0x20400000:   00000297  auipc t0, 0           [vinit (entry)]
0x20400004:   01028293  addi t0, t0, 16       [vinit+0x4 (guessed)]
0x20400008:   30529073  csrw mtvec, t0        [vinit+0x8 (guessed)]
0x2040000c:   3b90106f  j 7096                [vinit+0xC (guessed)]
0x20401bc4:   5fc00297  auipc t0, 392192      [__start (entry)]
0x20401bc8:   88c28293  addi t0, t0, -1908    [__start+0x4 (guessed)]
...

Additionally, the output from the PC, Opcode and PCAndOpcode modes can be saved to a binary format that can optionally be compressed. This format is faster to encode and produces smaller output files. To save to a binary file use:

cpu EnableExecutionTracing @path-to-file <mode> true

If you also want to compress the output, you can append another true to this command.

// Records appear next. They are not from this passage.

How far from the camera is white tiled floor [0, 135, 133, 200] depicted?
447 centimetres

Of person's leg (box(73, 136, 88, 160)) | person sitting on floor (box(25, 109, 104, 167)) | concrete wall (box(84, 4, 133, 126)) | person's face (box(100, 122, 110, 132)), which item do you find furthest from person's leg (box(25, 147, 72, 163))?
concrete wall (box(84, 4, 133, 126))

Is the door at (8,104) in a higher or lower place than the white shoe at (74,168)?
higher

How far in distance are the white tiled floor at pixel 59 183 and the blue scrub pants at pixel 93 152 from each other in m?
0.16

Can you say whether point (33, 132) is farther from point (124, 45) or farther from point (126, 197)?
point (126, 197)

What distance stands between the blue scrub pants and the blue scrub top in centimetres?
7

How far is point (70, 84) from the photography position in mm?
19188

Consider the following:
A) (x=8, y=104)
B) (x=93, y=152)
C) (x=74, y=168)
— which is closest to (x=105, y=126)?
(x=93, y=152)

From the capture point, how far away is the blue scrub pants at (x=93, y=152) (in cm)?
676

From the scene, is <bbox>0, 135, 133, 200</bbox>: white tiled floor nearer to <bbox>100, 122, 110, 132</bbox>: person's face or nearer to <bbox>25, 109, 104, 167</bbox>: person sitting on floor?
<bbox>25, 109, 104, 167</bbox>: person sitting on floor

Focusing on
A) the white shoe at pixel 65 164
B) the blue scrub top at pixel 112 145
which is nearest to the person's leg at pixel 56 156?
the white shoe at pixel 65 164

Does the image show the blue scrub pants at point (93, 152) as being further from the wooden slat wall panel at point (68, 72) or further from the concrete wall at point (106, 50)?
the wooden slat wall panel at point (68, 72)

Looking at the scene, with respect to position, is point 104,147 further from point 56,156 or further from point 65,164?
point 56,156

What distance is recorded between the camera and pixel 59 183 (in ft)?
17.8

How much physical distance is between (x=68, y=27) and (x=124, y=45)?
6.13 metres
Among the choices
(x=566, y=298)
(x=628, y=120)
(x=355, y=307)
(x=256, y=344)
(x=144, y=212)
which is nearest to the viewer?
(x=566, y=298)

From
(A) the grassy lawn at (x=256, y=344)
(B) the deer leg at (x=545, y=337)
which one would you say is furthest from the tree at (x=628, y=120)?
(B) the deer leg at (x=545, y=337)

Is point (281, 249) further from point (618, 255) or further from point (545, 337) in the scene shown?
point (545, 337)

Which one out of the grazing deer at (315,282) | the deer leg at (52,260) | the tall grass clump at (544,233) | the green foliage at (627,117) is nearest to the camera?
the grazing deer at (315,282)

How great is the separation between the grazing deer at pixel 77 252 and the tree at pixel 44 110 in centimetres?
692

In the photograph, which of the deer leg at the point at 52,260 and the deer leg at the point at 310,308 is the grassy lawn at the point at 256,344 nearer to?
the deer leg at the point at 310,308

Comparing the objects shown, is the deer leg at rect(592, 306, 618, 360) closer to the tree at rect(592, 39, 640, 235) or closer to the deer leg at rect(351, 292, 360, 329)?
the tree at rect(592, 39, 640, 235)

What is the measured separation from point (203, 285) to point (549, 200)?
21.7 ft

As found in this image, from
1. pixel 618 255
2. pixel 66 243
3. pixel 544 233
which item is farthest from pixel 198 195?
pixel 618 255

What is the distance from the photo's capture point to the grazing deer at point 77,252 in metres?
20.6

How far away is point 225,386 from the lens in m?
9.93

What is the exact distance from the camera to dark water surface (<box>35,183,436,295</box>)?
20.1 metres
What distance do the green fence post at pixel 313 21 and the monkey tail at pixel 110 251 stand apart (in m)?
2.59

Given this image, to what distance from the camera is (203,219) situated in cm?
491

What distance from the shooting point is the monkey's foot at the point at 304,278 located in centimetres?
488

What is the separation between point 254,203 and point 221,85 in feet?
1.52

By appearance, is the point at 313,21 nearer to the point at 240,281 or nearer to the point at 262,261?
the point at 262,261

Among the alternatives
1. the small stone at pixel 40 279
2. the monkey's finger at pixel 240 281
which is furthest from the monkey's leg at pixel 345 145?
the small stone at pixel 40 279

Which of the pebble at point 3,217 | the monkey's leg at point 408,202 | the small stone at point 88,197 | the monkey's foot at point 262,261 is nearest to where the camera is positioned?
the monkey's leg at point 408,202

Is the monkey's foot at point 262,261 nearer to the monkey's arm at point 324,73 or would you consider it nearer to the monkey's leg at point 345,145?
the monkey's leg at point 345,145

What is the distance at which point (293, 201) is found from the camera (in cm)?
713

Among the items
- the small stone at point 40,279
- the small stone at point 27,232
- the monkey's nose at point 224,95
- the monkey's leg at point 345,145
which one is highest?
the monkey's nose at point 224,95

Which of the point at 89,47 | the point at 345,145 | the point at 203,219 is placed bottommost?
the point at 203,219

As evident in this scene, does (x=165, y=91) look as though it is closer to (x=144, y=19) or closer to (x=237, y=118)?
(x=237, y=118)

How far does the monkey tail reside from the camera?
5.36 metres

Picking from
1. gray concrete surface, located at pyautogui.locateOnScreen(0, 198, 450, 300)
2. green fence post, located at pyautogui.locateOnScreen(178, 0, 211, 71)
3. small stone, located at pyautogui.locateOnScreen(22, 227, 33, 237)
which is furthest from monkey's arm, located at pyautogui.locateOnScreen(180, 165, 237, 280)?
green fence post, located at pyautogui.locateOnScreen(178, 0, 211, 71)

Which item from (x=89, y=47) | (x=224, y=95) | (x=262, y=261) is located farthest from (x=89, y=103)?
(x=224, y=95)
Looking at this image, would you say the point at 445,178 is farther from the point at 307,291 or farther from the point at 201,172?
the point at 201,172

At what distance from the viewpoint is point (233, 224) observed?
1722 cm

Content of the binary file can be viewed by using a script bundled with Renode. It can be invoked by running this command in your shell:

python3 <renode>/tools/execution_tracer/execution_tracer_reader.py 
 path-to-dump-file

This will print the text content of the file to the standard output.

Execution metrics

Renode can gather and show you a few different metrics in the form of graphs. This information can be used to see bugs that could be hard to spot on real hardware, allowing you to check if, for example, all of the peripherals are used when they should be, or the scheduler assigns work to all of the CPU cores. The metrics that are available out of the box are: Executed instructions, Exceptions, Memory access, Peripheral access. You can read more about this feature in Renode's documentation.

To enable metrics gathering use:

machine EnableProfiler @path-to-dump-file

This command will gather all of the metrics. They can then be processed by a script included with Renode. You will first need to install all of the required dependencies by running:

python3 -m pip install --user -r  
 <renode>/tools/metrics_analyzer/metrics_visualizer/requirements.txt

After that you can run this command from your shell to get the resulting graphs:

python3  
 <renode>/tools/metrics_analyzer/metrics_visualizer/metrics-visualizer.py  
 path-to-dump-file

Running this script will open a few windows with graphs. These graphs will also be saved to the disk as .png files.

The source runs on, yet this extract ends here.